Ce chasseur a eu pitié de la Bête Sony qui rampait lamentablement depuis plusieurs années (Morbius, Madame Web, Venom 3) et, voyant l'animal agoniser, lui a tiré une balle dans l'arrière-tête : il sera le dernier film du Spiderverse "sans Spider-Man". Hallelujah, un peu de compassion (pour le public, surtout). Et ce n'est certainement pas ce Kraven aux effets spéciaux numériques dégueulasses (excusez le mot, mais il faut dire ce qui est : les bestioles et les scènes d'action "Kraven grimpe sur les murs" sont des bouillies dignes de films à budget cent fois moins grands) qui nous feraient rregretter la suite, ni ce Aaron Taylor-Johnson mentalement absent (il fait exactement la même gueule tout le film : sourcils alignés sans besoin de niveau à bulle pour vérifier, et moue blasée, jusque dans les scènes de combats.
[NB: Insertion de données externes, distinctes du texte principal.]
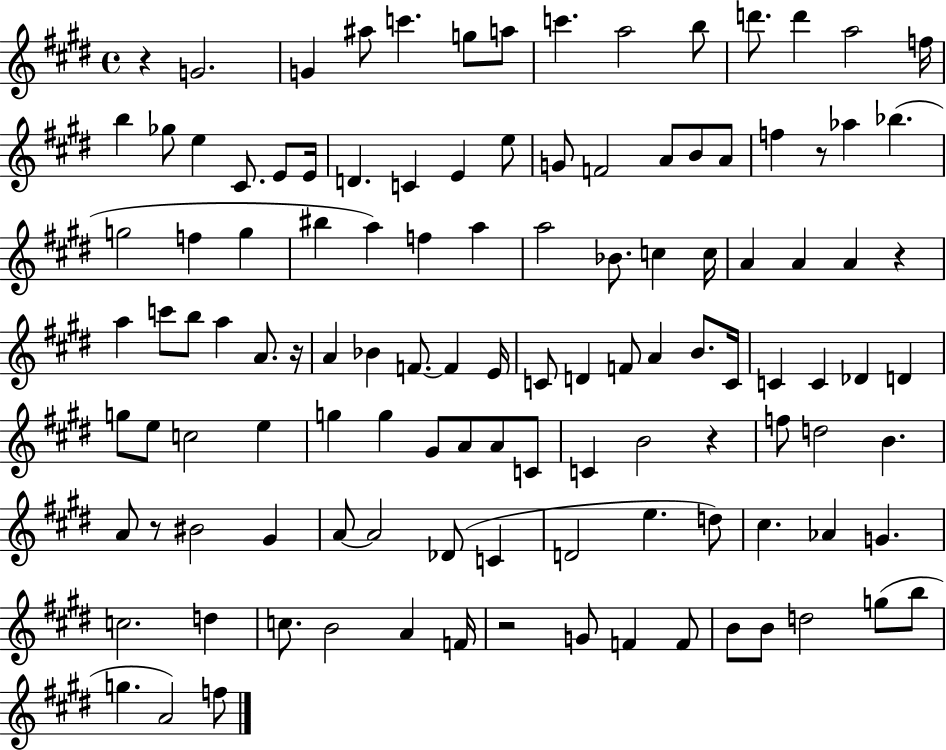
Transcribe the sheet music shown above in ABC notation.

X:1
T:Untitled
M:4/4
L:1/4
K:E
z G2 G ^a/2 c' g/2 a/2 c' a2 b/2 d'/2 d' a2 f/4 b _g/2 e ^C/2 E/2 E/4 D C E e/2 G/2 F2 A/2 B/2 A/2 f z/2 _a _b g2 f g ^b a f a a2 _B/2 c c/4 A A A z a c'/2 b/2 a A/2 z/4 A _B F/2 F E/4 C/2 D F/2 A B/2 C/4 C C _D D g/2 e/2 c2 e g g ^G/2 A/2 A/2 C/2 C B2 z f/2 d2 B A/2 z/2 ^B2 ^G A/2 A2 _D/2 C D2 e d/2 ^c _A G c2 d c/2 B2 A F/4 z2 G/2 F F/2 B/2 B/2 d2 g/2 b/2 g A2 f/2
And the Oscar goes to...), aux superpouvoirs un peu nases (il y voit comme dans des jumelles sales, et il marche à quatre pattes en sautant partout : ambiance "gars qui sort de bar à 5h du matin"). Les méchants s'enchaînent sans qu'on y prête attention (le vilain papa masculinité, le frangin à moitié traître, un mec rhinocéros et un mec caméléon), et le combat final est, comme on commence à avoir l'habitude chez Sony Spiderverse, un sommet du ridicule.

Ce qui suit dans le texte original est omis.